What the task asks: Taking the line with "Joe Thornton San" as the first and the line with "Voltron: Legendary Defender" as the last, set down exactly every line in that range from the entries below, and no more.

The data:
======
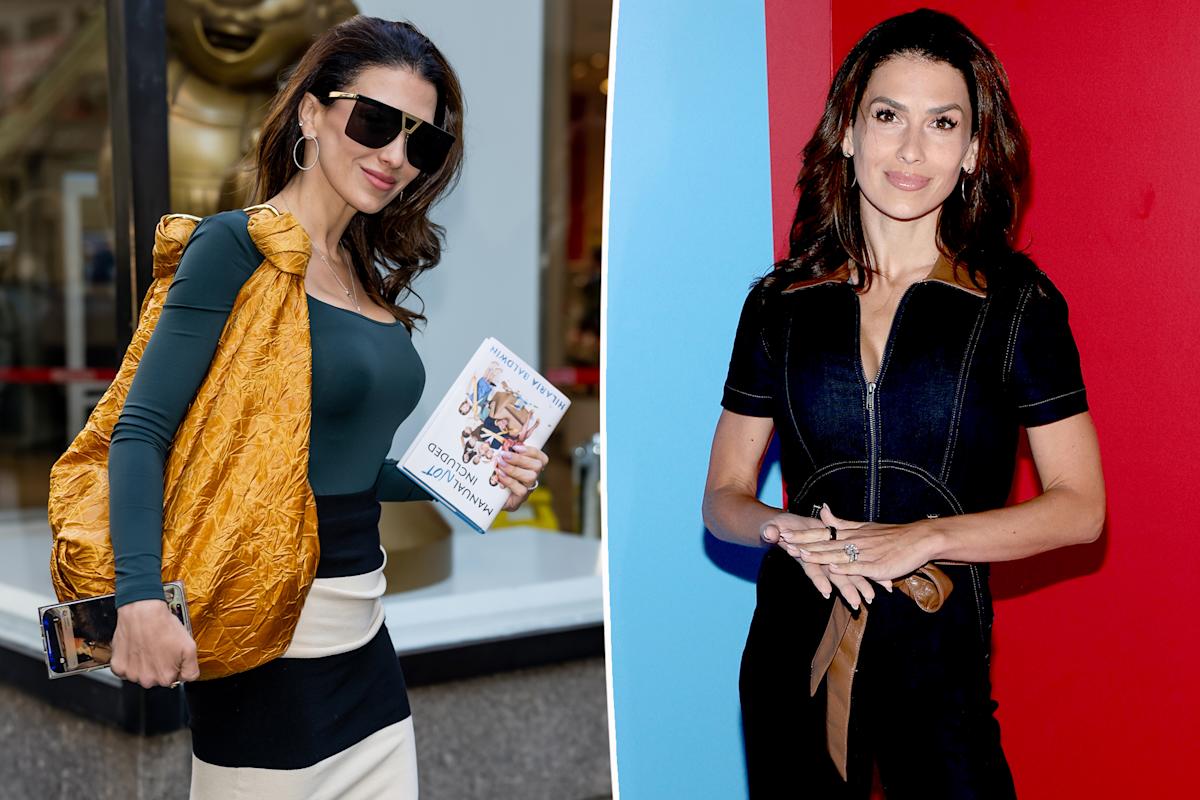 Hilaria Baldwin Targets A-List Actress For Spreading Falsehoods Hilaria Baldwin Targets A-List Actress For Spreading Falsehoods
======
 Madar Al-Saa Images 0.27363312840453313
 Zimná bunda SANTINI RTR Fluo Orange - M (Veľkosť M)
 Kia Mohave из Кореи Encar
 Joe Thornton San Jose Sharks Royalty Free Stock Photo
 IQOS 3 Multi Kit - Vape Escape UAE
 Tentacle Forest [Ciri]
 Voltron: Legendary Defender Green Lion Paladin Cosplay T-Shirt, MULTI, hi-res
======
Exercise result:
 Joe Thornton San Jose Sharks Royalty Free Stock Photo
 IQOS 3 Multi Kit - Vape Escape UAE
 Tentacle Forest [Ciri]
 Voltron: Legendary Defender Green Lion Paladin Cosplay T-Shirt, MULTI, hi-res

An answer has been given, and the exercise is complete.